● Required work
Copy each line of the data below, character for character.

● Task material
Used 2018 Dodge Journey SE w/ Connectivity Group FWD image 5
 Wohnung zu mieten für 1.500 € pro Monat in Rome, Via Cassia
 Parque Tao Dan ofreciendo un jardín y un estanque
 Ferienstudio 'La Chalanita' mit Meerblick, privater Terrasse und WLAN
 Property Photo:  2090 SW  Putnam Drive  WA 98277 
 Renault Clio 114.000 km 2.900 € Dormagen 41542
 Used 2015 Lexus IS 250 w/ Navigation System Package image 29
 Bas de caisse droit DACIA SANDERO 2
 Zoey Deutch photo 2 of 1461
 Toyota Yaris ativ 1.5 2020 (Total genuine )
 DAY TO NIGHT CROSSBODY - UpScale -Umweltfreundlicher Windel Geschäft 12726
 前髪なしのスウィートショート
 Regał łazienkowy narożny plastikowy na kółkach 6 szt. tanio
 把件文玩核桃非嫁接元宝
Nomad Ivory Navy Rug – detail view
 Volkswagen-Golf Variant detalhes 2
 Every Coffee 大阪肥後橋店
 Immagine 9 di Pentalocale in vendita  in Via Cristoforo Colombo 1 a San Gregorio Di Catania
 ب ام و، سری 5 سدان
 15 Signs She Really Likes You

● Response below
Used 2018 Dodge Journey SE w/ Connectivity Group FWD image 5
 Wohnung zu mieten für 1.500 € pro Monat in Rome, Via Cassia
 Parque Tao Dan ofreciendo un jardín y un estanque
 Ferienstudio 'La Chalanita' mit Meerblick, privater Terrasse und WLAN
 Property Photo:  2090 SW  Putnam Drive  WA 98277 
 Renault Clio 114.000 km 2.900 € Dormagen 41542
 Used 2015 Lexus IS 250 w/ Navigation System Package image 29
 Bas de caisse droit DACIA SANDERO 2
 Zoey Deutch photo 2 of 1461
 Toyota Yaris ativ 1.5 2020 (Total genuine )
 DAY TO NIGHT CROSSBODY - UpScale -Umweltfreundlicher Windel Geschäft 12726
 前髪なしのスウィートショート
 Regał łazienkowy narożny plastikowy na kółkach 6 szt. tanio
 把件文玩核桃非嫁接元宝
Nomad Ivory Navy Rug – detail view
 Volkswagen-Golf Variant detalhes 2
 Every Coffee 大阪肥後橋店
 Immagine 9 di Pentalocale in vendita  in Via Cristoforo Colombo 1 a San Gregorio Di Catania
 ب ام و، سری 5 سدان
 15 Signs She Really Likes You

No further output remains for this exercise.